PROVIDED RECORDS —
-.-.-

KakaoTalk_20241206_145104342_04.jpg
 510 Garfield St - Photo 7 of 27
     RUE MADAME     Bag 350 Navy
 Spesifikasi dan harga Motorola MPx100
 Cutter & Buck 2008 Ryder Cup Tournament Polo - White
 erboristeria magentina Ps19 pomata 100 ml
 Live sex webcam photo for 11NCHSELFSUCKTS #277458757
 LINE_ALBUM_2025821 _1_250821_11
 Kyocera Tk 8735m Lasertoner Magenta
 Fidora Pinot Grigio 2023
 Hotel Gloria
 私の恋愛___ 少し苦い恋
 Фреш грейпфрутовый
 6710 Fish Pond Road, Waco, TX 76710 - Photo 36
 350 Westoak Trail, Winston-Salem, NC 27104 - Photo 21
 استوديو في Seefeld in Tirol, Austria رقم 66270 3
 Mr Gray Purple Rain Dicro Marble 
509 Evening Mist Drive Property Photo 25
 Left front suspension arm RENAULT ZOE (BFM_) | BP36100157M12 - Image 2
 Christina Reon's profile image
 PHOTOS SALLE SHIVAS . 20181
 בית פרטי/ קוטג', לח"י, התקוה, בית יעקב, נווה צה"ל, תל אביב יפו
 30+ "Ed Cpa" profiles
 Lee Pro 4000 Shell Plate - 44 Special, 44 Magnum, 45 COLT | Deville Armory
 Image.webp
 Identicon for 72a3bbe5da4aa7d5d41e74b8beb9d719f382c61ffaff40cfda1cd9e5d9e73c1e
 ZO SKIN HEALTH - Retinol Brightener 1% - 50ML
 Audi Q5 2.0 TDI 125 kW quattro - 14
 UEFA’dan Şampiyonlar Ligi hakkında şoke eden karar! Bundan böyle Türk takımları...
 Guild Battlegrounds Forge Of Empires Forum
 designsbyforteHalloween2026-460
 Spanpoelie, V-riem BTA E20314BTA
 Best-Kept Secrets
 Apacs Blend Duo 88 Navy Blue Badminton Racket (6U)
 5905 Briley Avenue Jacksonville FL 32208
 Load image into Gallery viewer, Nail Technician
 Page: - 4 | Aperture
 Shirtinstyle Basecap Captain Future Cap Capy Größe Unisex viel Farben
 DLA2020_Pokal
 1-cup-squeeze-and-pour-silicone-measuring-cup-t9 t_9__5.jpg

-.-.-

WHAT IS NEEDED —
From the entries above, extract only the lines running from the one containing "Cutter & Buck" through the one containing "Фреш грейпфрутовый", inclusive.

COMPLETED EXERCISE —
 Cutter & Buck 2008 Ryder Cup Tournament Polo - White
 erboristeria magentina Ps19 pomata 100 ml
 Live sex webcam photo for 11NCHSELFSUCKTS #277458757
 LINE_ALBUM_2025821 _1_250821_11
 Kyocera Tk 8735m Lasertoner Magenta
 Fidora Pinot Grigio 2023
 Hotel Gloria
 私の恋愛___ 少し苦い恋
 Фреш грейпфрутовый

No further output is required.